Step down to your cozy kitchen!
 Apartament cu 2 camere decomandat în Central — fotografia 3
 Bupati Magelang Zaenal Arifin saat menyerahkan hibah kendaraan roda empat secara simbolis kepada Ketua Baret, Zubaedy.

▬▬▬▬▬▬

## WHAT TO WORK ON
Exact reproduction of the whole material is the required answer.

## ANSWER FOR THIS EXERCISE
Step down to your cozy kitchen!
 Apartament cu 2 camere decomandat în Central — fotografia 3
 Bupati Magelang Zaenal Arifin saat menyerahkan hibah kendaraan roda empat secara simbolis kepada Ketua Baret, Zubaedy.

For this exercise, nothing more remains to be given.